Let
e be the exponent with E bits,
m be the mantissa with M bits,
N = floor(log_2(m))
r = m / 2^N
R = M - N.
For now, suppose that R < B - 1
.
A floating-point number is normal, if e > -(E / 2) + 1
. The value of a normal number is given by
x = (-1)^s 2^e (1 + m / 2^M)
= (-1)^s 2^(e - M) (2^M + m)
= (-1)^s 2^(e - R) (2^R + r)
A floating-point number overflows a rational number, if
|x| >= 2^(B - 1)
<=> 2^(e - R) (2^R + r) >= 2^(B - 1)
<== 2^(e - R) (2^R + 0) >= 2^(B - 1)
<=> 2^e >= 2^(B - 1)
<=> e >= B - 1.
We will now show that the implication <== can be replaced with equivalence. Suppose e = B - 2
. Then
|x| >= 2^(B - 1)
<=> 2^(B - 2 - R) (2^R + r) >= 2^(B - 1)
<=> 2^R + r >= 2^(R + 1)
<=> r >= 2^R
<=> false.
So that exponents less than B - 1
never overflow. We have that
A normal number overflows a rational number if and only if `e >= B - 1`.
In this case the rational number is assigned [(-1)^s, 0]
, which is infinity or minus-infinity.
A rational number with a B-bit denominator has at most 2^(-(B - 1)) bit precision.
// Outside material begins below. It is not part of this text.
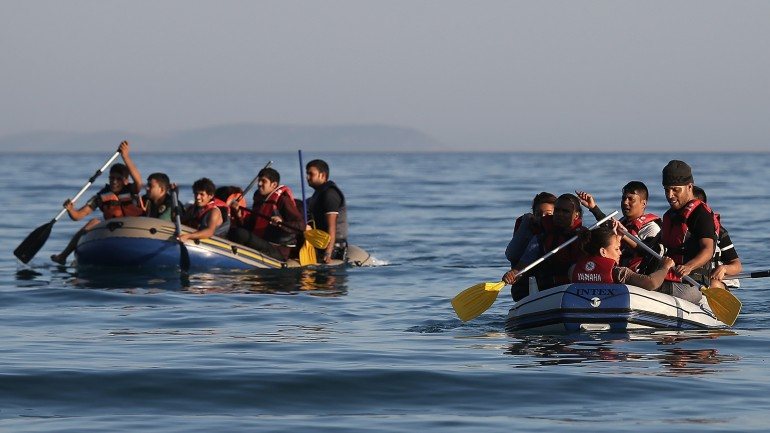 O mar Egeu é uma bacia do Mediterrâneo que faz parte do percurso dos refugiados vindos da Síria a caminho da Europa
Therefore, a floating-point number underflows a rational number, if
|x| < 2^(-(B - 1))
<=> 2^(e - R) (2^R + r) < 2^(-(B - 1))
<== 2^(e - R) (2^R + 2^R) < 2^(-(B - 1))
<=> 2^(e + 1) < 2^(-B + 1)
<=> e + 1 < -B + 1
<=> e < -B.
We will now show that the implication <== can be replaced with equivalence. Suppose e = -(B - 1)
. Then
|x| < 2^(-(B - 1))
<=> 2^(-(B - 1) - R) (2^R + r) < 2^(-(B - 1))
<=> 2^R + r < 2^R
<=> r < 0
<=> false.
So that exponents greater than -B
never underflow. We have that
A normal number underflows a rational number if and only if `e < -B`.
In this case the rational number is assigned [0, 1]
, which is zero.
A floating-point number is an integer, if e >= R
. This fits exactly into a rational number, if it does not overflow the numerator. Therefore, we have
A normal number is a rational number `[(-1)^s 2^(e - R) (2^R + r), 1]` if and only if `R <= e < B - 1`.
A floating-point number with -B <= e < R
overflows the denumerator of the rational number [(-1)^s (2^R + r), 2^(R - e)]
, if
2^(R - e) >= 2^(B - 1)
<=> R - e >= B - 1
<=> R - (B - 1) >= e.
The numerator overflows, if
2^R + r >= 2^(B - 1)
<== 2^R >= 2^(B - 1)
<=> R >= B - 1.
We have that
A normal number is a rational number `[(-1)^s (2^R + r), 2^(R - e)]` if and only if `-B <= e <= R - (B - 1)`.
Suppose R - (B - 1) < e < R
. Then [(-1)^s (2^R + r), 2^(R - e)]
is not a valid rational number, since the denumerator overflows. There may exist a rational number with an exact solution. However, sometimes there does not. In general, we would like to find the best rational approximation assuming a denominator at most 2^(B - 1)
.
The best rational approximation can be found by searching through the semi-convergents of (the continued fraction of) x
. However, I am worried about the numerical stability of computing the semi-convergents, which must be done using floating-point arithmetic. Note that the convergents of x
do not produce all of the best rational approximations.
An alternative is to shift the numerator and the denumerator by equal amounts until the numerator becomes at most 2^(B - 1)
. This is easy, but is not a best rational approximation.